How long is too long to wait to make a sequel to your movie? Increasingly, the question is becoming moot: No movie these days is too old to get a sequel, as long, of course, as that sequel is commercially relevant. Such an approach has seen results both good (Mad Max: Fury Road, released 30 years after Mad Max Beyond Thunderdome) and not-so-good (Zoolander 2), but fortunately for Danny Boyle, his 20-years-later sequel T2 Trainspotting seems to have landed in the former camp, opening to strong reviews as it expands wide this weekend.
T2 reunites many of the principals from the first film, including Boyle, writer John Hodge, and stars Ewan McGregor, Ewen Bremmer, Johnny Lee Miller, and Robert Carlyle, checking in with the gang two decades later: Mark Renton (McGregor) returns to Edinburgh to find Spud (Bremmer), Sick Boy (Miller), and Begbie (Carlyle) still stuck, to varying degrees, in the cycles of their past. That allows the characters to be put through a wringer similar to the previous movie, but with plenty of chronological updates, including Snapchat filters, video games, and small-business loans from the European Union. Naturally, some things never change (heroin), and the final result ends up as iterative as it is progressive. Much like life.
If T2 mostly sticks the delayed landing, especially for fans of its predecessor — even if some elements have aged a little less well — then it raises a question for future filmmakers trying the same scheme. What exactly makes certain down-the-road sequels succeed where others fail? Here are a few tips for the next time Hollywood chooses to resurrect a sleeping franchise.
Make the time gap a major part of the story.
Almost unanimously, the best of this type of film tend to steer head-on into the fact that the characters have been out of view for a while. T2 does this with Renton’s return, which opens old wounds that date back, conveniently, to when these characters were in a movie together; by focusing exclusively on the protagonists of the first film, the question of time becomes infused into every scene, conversation, and narrative beat. Conversely, when movies brush the passage of time aside as a joke or a meta-narrative inconvenience (Zoolander 2, Dumb and Dumber To), that sense of insincerity tends to hang over the entire enterprise. The shining examples of how to use time across sequels are Richard Linklater’s Before trilogy and François Truffaut’s Antoine Doinel cycle, which both treat the years lost between films with as much interest as they do what we see onscreen. This serves the dual purpose of taking the audience’s lives seriously — after all, they aged just as much as the characters did — and justifying the decision to revisit the world in question.
A protégé helps.
If you’d rather focus mainly on the protagonist from the first film, mixing him or her with a younger milieu while staying within your lingua franca of choice, the best move is to find a protégé. The protégé will allow you to skew across demographics and put a new character through a familiar set of trials and tribulations, except more relevant and less obviously … old. In Martin Scorsese’s The Color of Money, Tom Cruise comes in to share hustling duties with The Hustler himself, Paul Newman. Similarly, Shia LaBeouf played the Tom Cruise to Michael Douglas’s Paul Newman in Wall Street: Money Never Sleeps, Oliver Stone’s 22-years-later sequel to Wall Street — although you could also say that LaBeouf plays the Charlie Sheen to Michael Douglas’s Michael Douglas, considering that the first film had already utilized the protégé dynamic for Gordon Gekko. Tron: Legacy, Indiana Jones and the Kingdom of the Crystal Skull (LaBeouf used to do this a lot), and Creed also used this technique, as did, to some extent, Star Wars: The Force Awakens.

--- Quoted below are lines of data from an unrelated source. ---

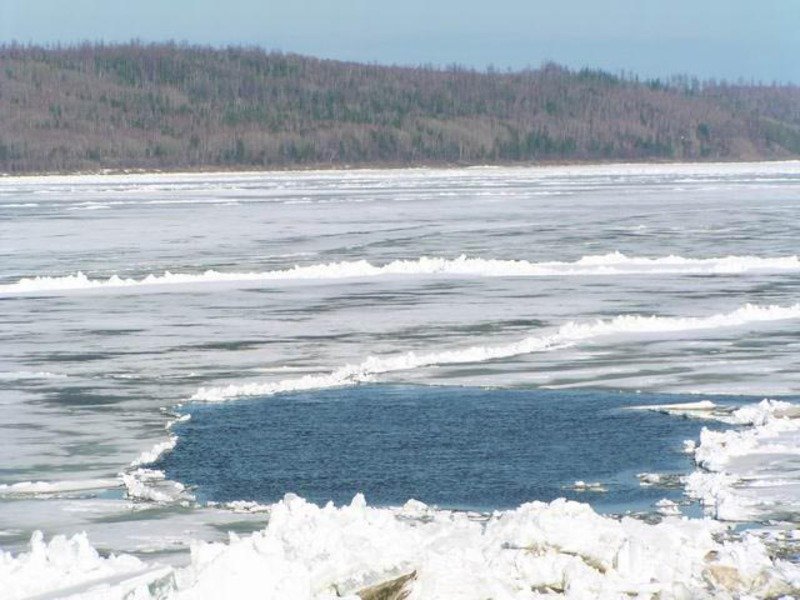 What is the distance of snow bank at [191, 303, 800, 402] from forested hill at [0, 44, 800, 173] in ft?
443

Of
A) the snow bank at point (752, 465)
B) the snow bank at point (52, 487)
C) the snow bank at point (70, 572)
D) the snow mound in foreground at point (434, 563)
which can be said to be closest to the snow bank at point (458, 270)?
the snow bank at point (752, 465)

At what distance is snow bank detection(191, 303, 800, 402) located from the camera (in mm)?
14570

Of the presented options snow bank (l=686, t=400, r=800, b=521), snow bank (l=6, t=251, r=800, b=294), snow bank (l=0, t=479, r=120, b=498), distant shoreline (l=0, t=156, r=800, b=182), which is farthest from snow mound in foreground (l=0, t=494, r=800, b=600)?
distant shoreline (l=0, t=156, r=800, b=182)

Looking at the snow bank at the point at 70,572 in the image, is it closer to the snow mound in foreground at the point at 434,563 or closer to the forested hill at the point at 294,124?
the snow mound in foreground at the point at 434,563

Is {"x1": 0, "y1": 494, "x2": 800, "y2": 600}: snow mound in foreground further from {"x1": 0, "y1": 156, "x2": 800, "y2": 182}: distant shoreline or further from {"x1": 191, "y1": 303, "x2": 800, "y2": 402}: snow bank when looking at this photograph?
{"x1": 0, "y1": 156, "x2": 800, "y2": 182}: distant shoreline

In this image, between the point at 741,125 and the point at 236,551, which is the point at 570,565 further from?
the point at 741,125

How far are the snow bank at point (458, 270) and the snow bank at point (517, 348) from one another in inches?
247

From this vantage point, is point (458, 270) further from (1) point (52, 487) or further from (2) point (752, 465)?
(1) point (52, 487)

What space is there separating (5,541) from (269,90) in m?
188

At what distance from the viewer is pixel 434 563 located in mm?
7367

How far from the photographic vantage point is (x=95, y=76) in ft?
634

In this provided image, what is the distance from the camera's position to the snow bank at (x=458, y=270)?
25516mm

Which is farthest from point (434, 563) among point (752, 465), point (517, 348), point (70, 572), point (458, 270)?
point (458, 270)

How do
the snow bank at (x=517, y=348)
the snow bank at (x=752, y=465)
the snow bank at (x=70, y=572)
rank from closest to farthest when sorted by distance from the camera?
the snow bank at (x=70, y=572) → the snow bank at (x=752, y=465) → the snow bank at (x=517, y=348) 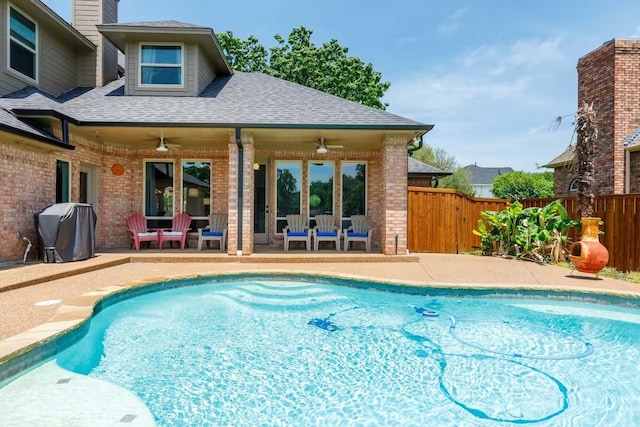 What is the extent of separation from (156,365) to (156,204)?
7.46 meters

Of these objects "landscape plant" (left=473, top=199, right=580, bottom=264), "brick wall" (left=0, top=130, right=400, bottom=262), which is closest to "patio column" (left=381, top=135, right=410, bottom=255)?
"brick wall" (left=0, top=130, right=400, bottom=262)

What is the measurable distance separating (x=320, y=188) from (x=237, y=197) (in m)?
2.95

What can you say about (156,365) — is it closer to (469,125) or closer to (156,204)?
(156,204)

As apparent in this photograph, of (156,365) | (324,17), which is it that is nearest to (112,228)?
(156,365)

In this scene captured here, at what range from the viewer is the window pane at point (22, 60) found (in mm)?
7871

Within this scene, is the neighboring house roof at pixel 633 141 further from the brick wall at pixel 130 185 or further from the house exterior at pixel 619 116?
the brick wall at pixel 130 185

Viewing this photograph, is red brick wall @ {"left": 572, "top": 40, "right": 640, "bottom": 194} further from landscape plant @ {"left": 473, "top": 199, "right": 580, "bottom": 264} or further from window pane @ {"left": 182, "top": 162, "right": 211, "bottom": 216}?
window pane @ {"left": 182, "top": 162, "right": 211, "bottom": 216}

Or focus on different characters entirely.
Failing either of those approaches, the best path is often to populate the same weird with a separate cast of characters. Mad Max: Fury Road did this to great effect, filling a world that connected aesthetically and thematically to that of the first three Mad Max movies with novel heroes, villains, societies, and scenery, with the film defined by its style and quality rather than relying on prior emotional investment from the audience. This tends to work particularly well when trying to get a larger franchise back up and running, as was the case with Prometheus and Jurassic World.